Short web captions
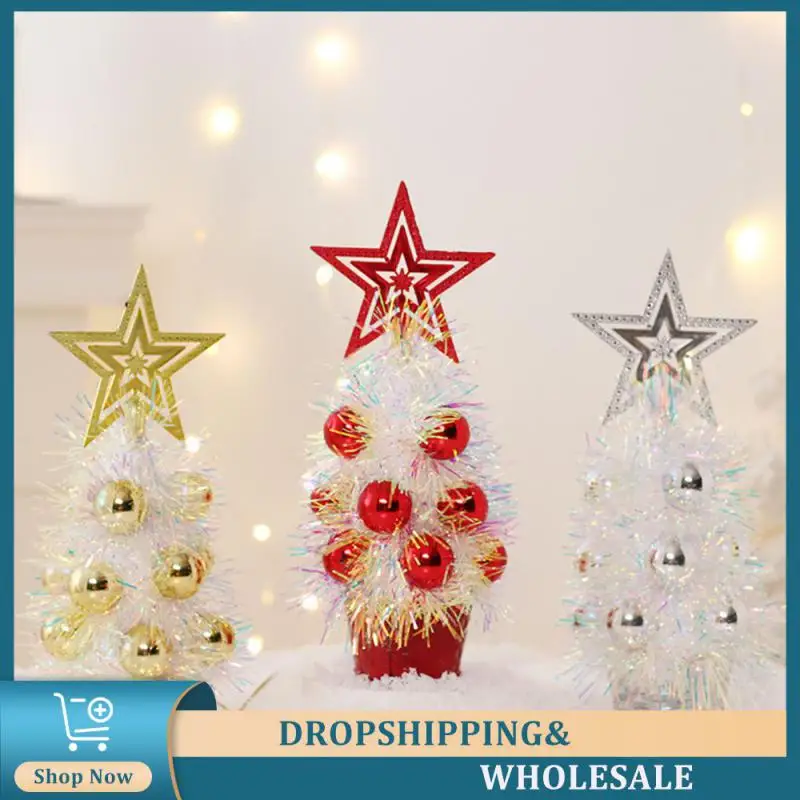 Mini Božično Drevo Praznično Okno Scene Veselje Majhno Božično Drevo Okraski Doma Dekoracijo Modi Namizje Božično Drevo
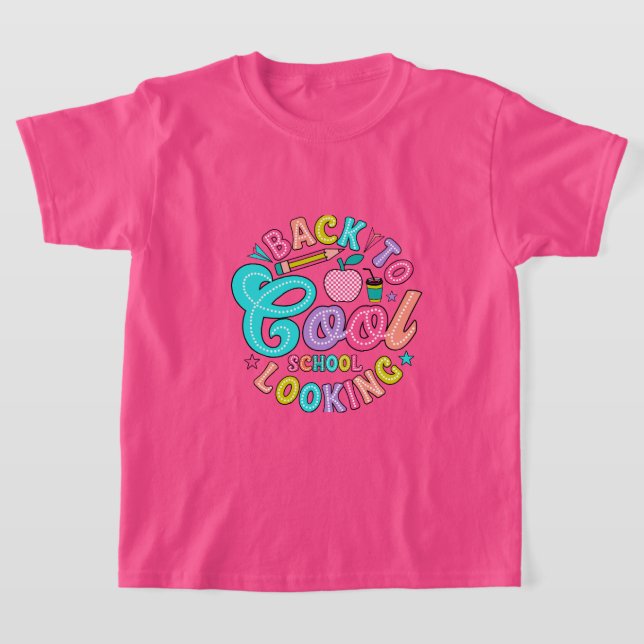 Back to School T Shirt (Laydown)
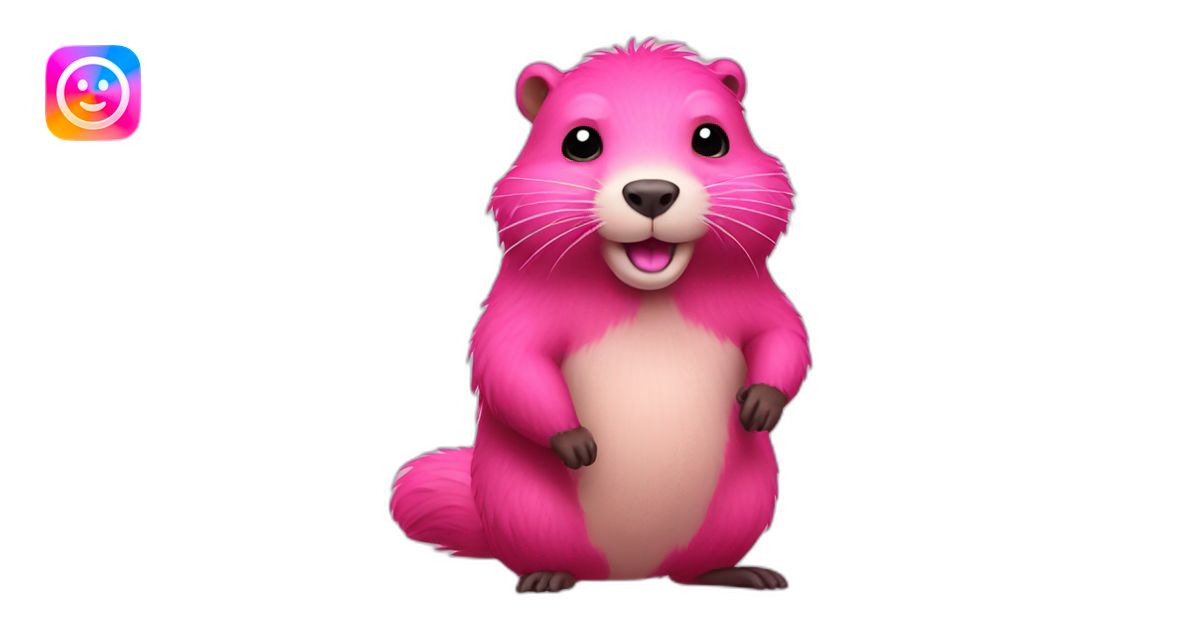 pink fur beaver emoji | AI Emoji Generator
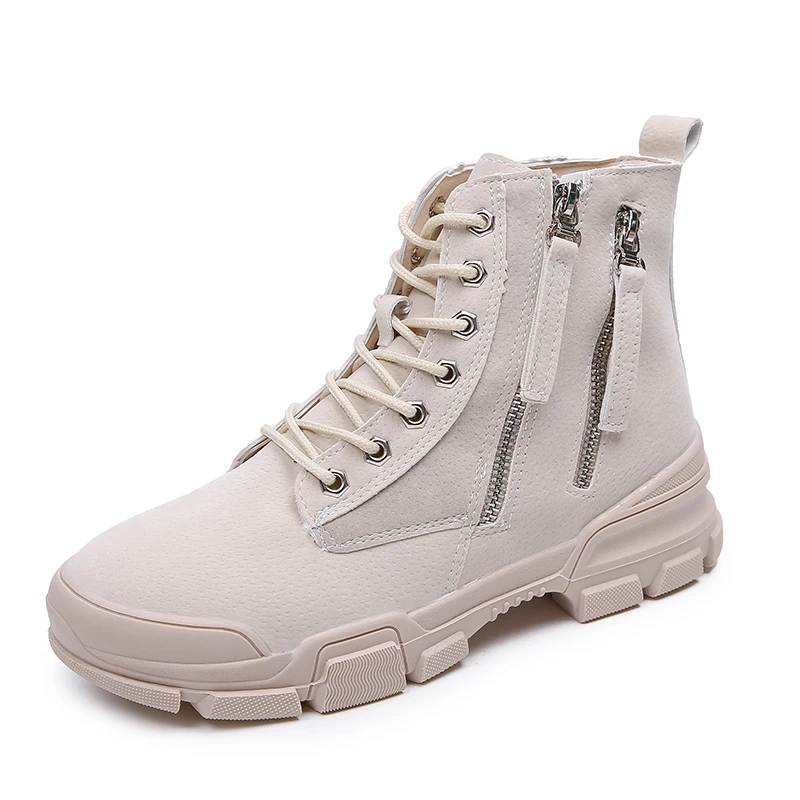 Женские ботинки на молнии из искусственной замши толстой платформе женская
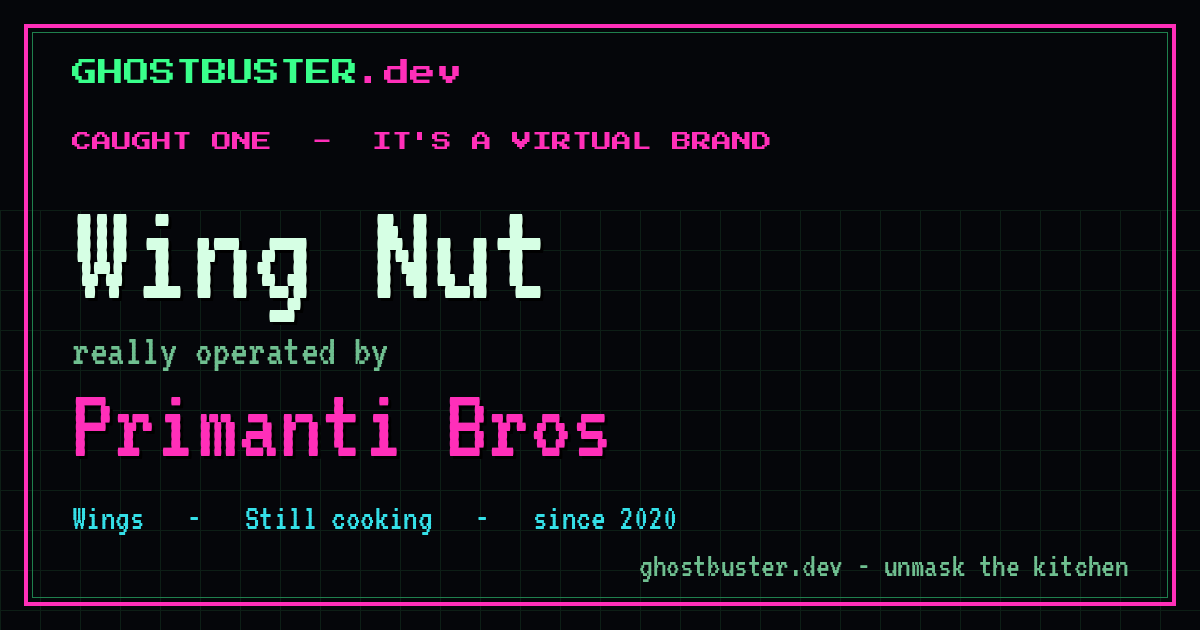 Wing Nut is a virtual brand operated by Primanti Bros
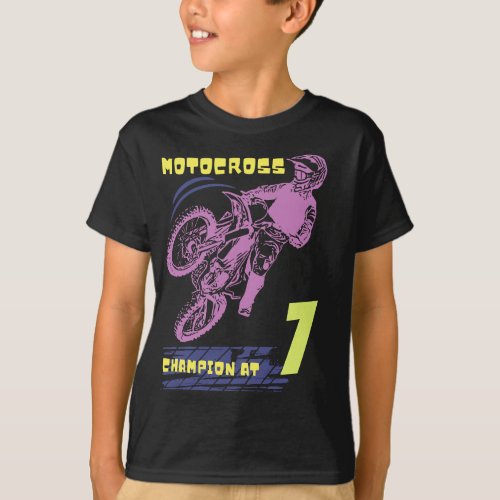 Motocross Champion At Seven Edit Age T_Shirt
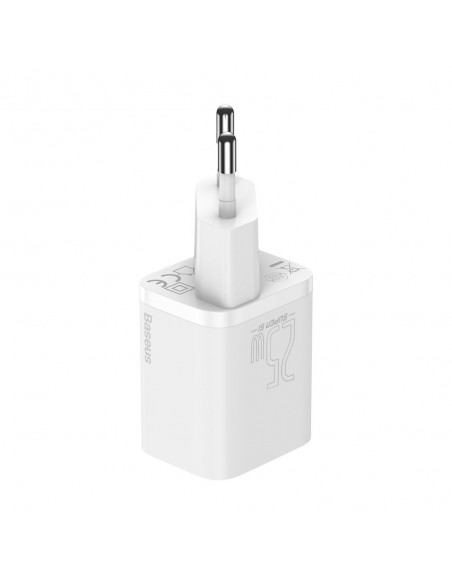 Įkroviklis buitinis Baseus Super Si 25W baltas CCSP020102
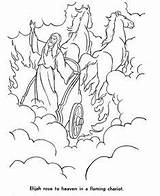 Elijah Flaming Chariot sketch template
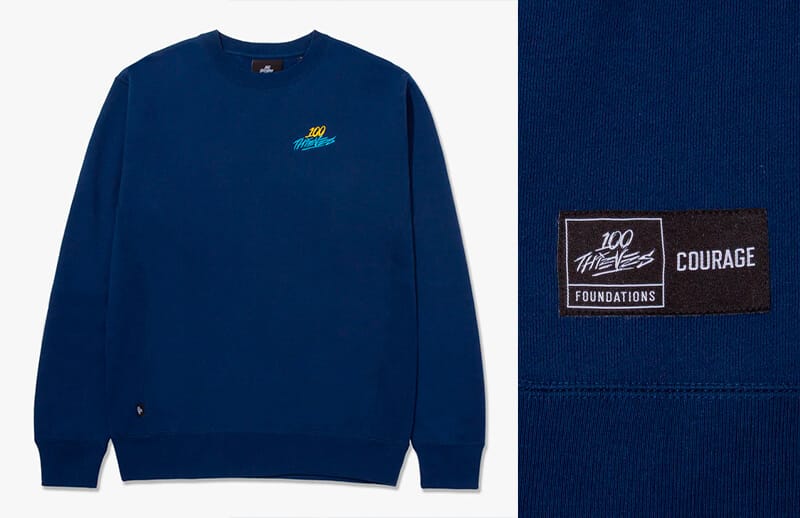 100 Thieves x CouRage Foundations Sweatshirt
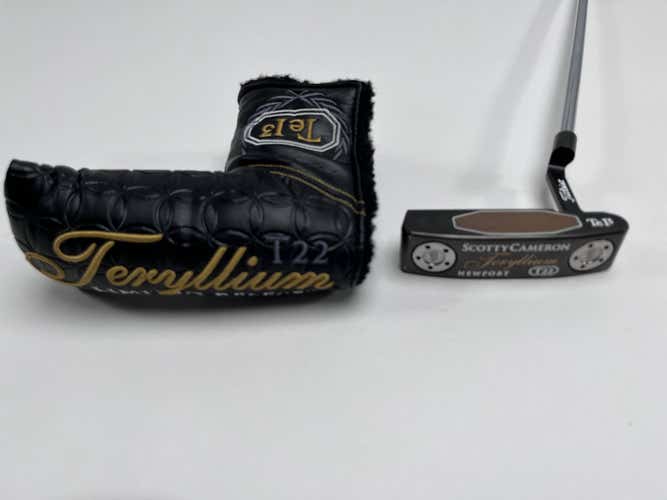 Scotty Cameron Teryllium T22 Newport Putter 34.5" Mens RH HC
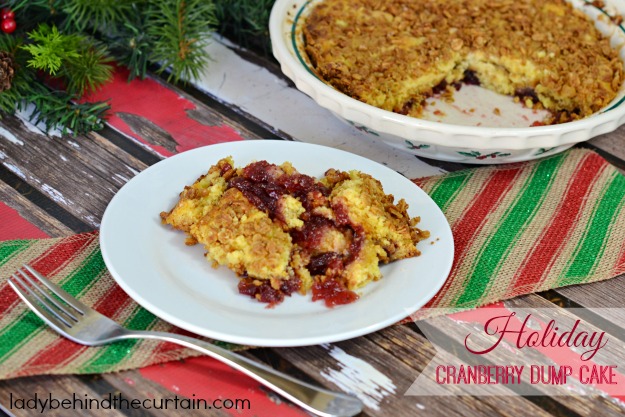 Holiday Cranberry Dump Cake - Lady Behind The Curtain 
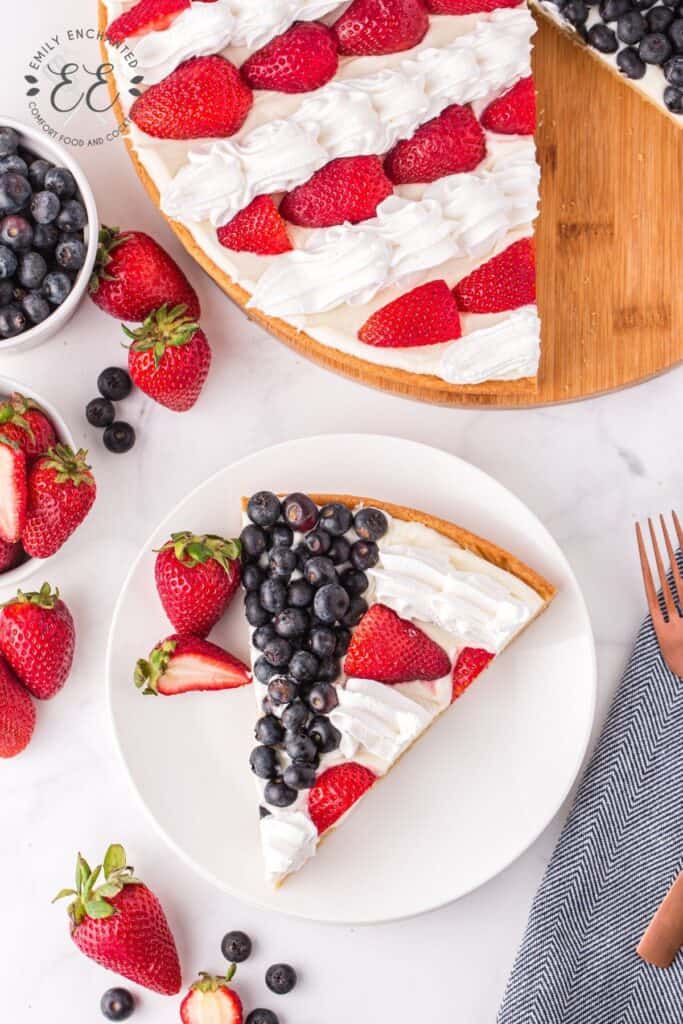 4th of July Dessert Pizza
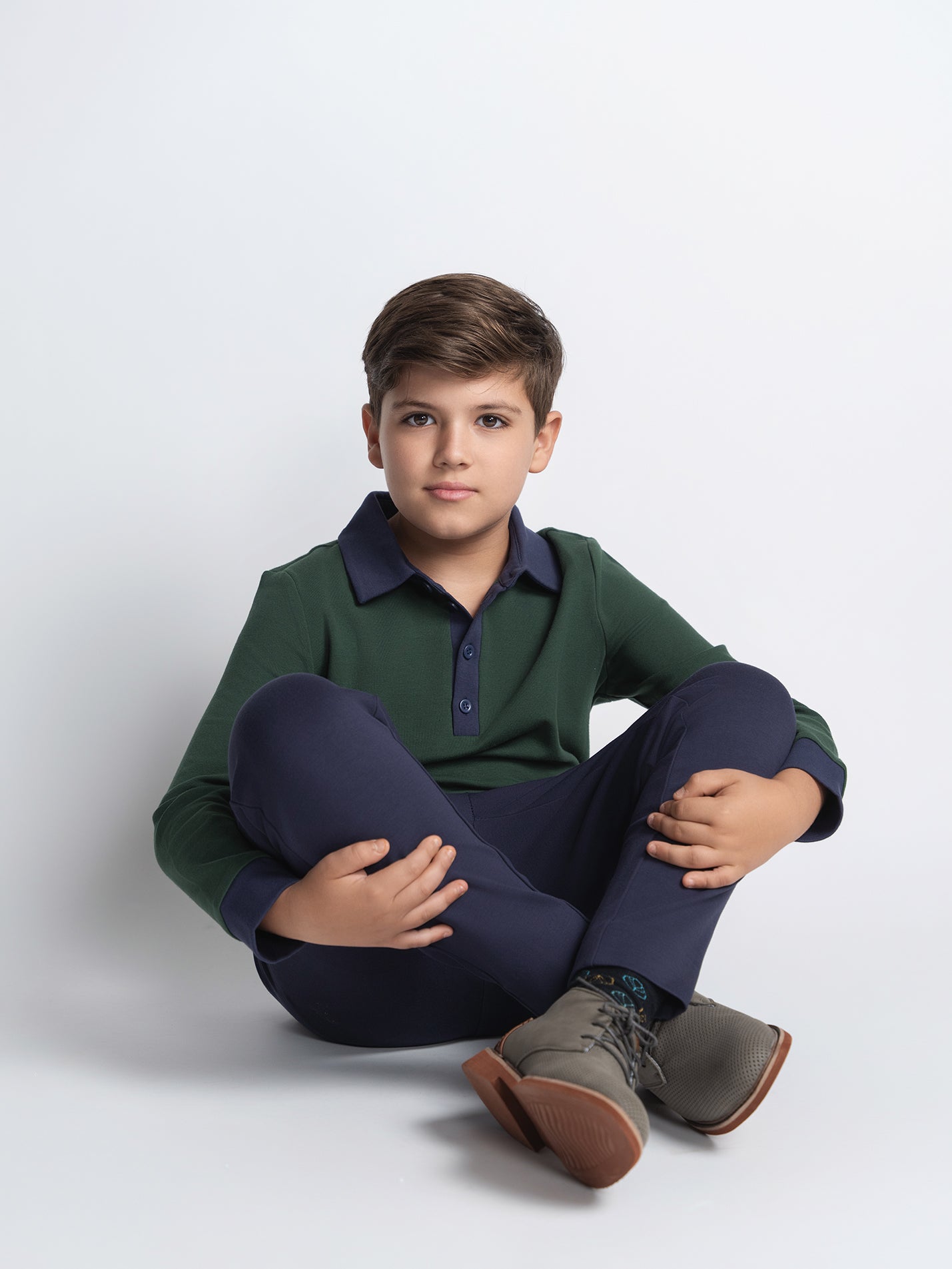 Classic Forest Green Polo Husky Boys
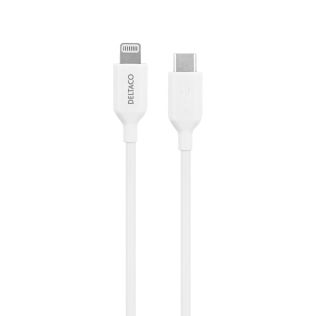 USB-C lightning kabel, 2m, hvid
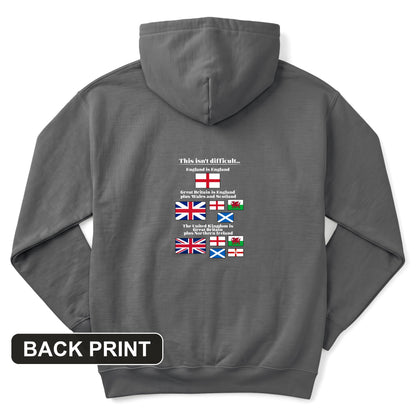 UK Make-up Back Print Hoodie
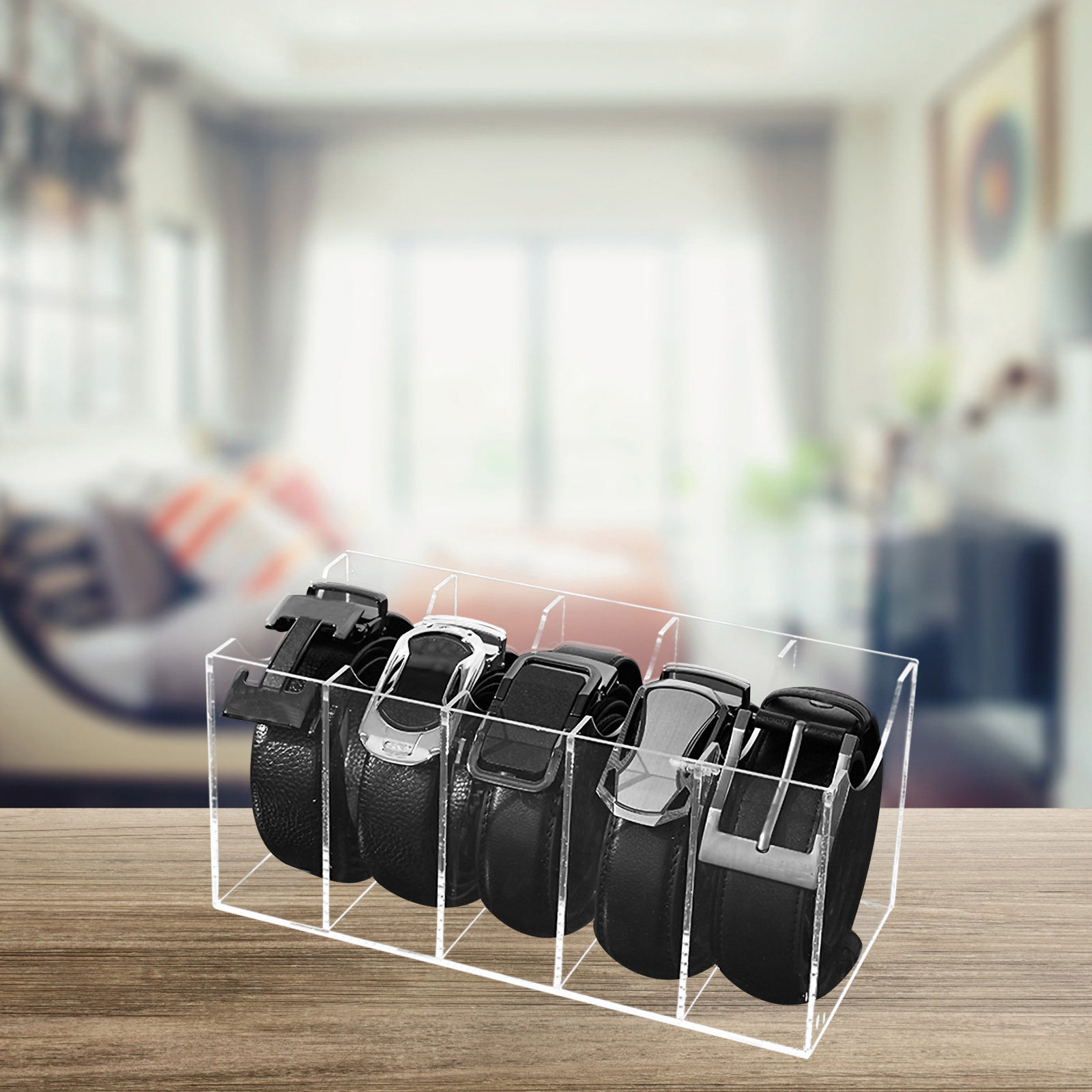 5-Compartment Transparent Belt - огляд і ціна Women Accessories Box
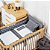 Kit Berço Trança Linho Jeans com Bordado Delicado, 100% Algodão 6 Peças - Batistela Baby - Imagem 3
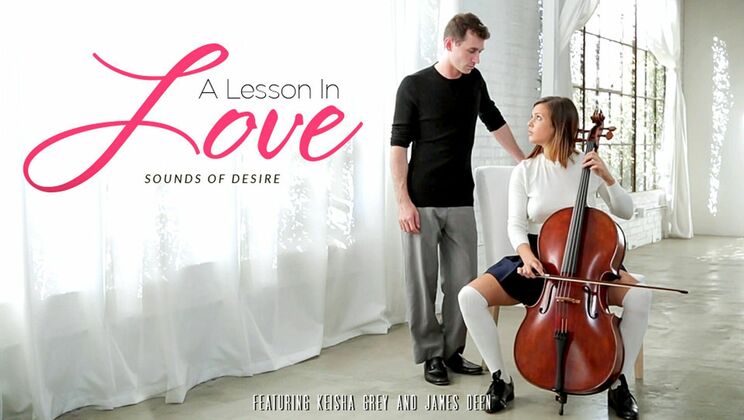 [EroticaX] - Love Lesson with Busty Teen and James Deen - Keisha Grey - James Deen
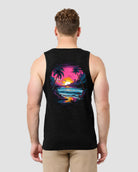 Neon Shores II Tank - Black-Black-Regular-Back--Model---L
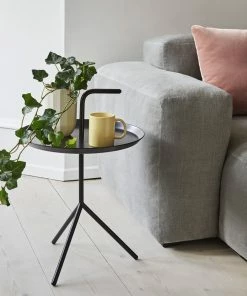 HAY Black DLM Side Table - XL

■ WORK TO BE COMPLETED: Repeat only the stretch of data above that runs from the line with "Motocross Champion At Seven Edit Age T_Shirt" to the line with "Holiday Cranberry Dump". Keep both end lines; exclude pictures.

■ TASK OUTPUT:
 Motocross Champion At Seven Edit Age T_Shirt
 Įkroviklis buitinis Baseus Super Si 25W baltas CCSP020102
 Elijah Flaming Chariot sketch template
 100 Thieves x CouRage Foundations Sweatshirt
 Scotty Cameron Teryllium T22 Newport Putter 34.5" Mens RH HC
 Holiday Cranberry Dump Cake - Lady Behind The Curtain 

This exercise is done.